この貴婦人は、一方で歌を詠み、また英語が堪能だったので、松村みね子の名でアイルランド文学を翻訳する文の人だった。その縁で芥川龍之介と知りあった。年齢は廣子のほうが十四歳上。娘もいた。
『越し人』(小学館)は、この文学夫人を主人公に、彼女の芥川への揺れ動く気持をたおやかに描いた評伝小説。「越し人」とは、芥川が廣子への思いを詠み込んだ歌の題。彼女の夫の実家が越後だったことによる。
二人は大正十三年、避暑のため軽井沢の旅館でたまたま同宿したことで、急速に仲が深まる。
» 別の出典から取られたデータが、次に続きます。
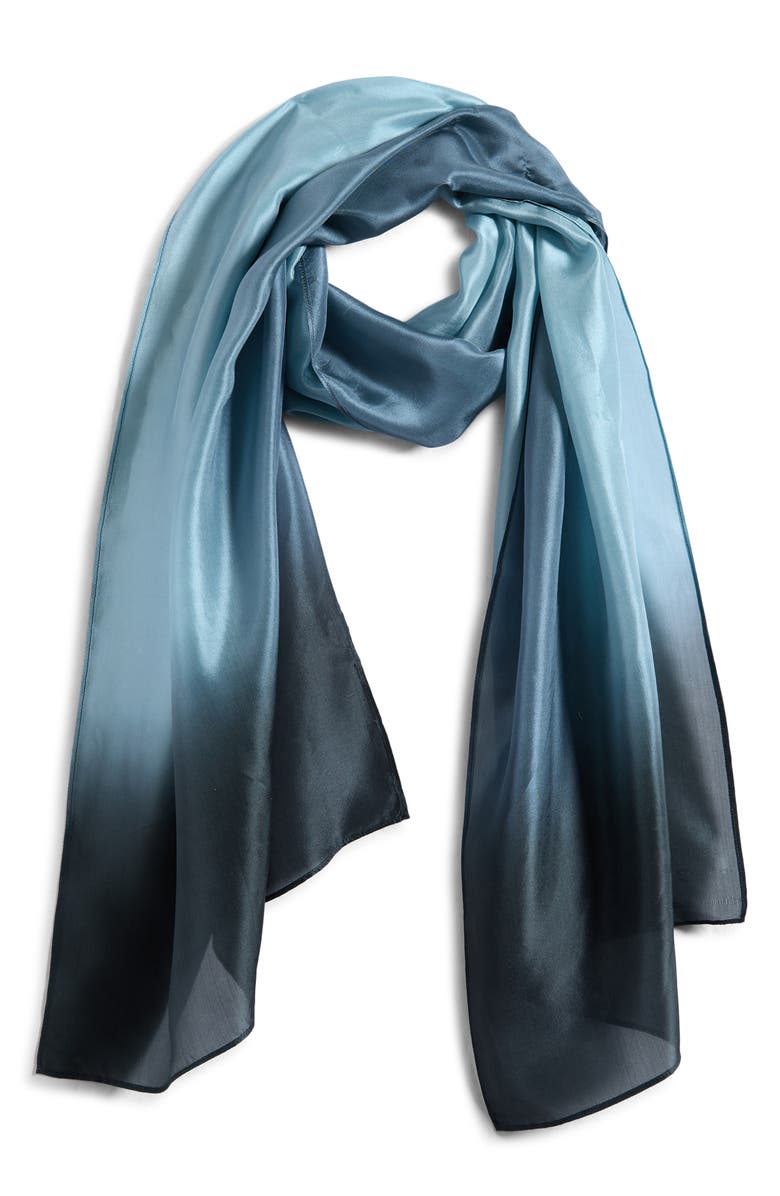 Eileen Fisher Ombré Silk Scarf, Main, color, Forest Floor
とはいえ、二人はともに知性が邪魔をして、素直に恋愛に入りこめない。
芥川は「窮屈なチョッキ」を着ていて、情愛に溺れることが出来ない。廣子もまた上流階級の女性の誇りから、女になりきれない。
この小説は、二人の理智的な男女が、それゆえにとまどい、怖れ、思い切った恋愛をすることが出来ない、もどかしいさまを描いてゆく。廣子はかつて、ある大衆小説作家と関係したことがある。その作家は平然と「口説き文句は野卑がいい。日本のインテリ男はそれができないんです」と言った。
芥川はまさにその行儀のいい「日本のインテリ男」だった。廣子のような貴婦人を前にしてはいっそう「野卑」になれなかったろう。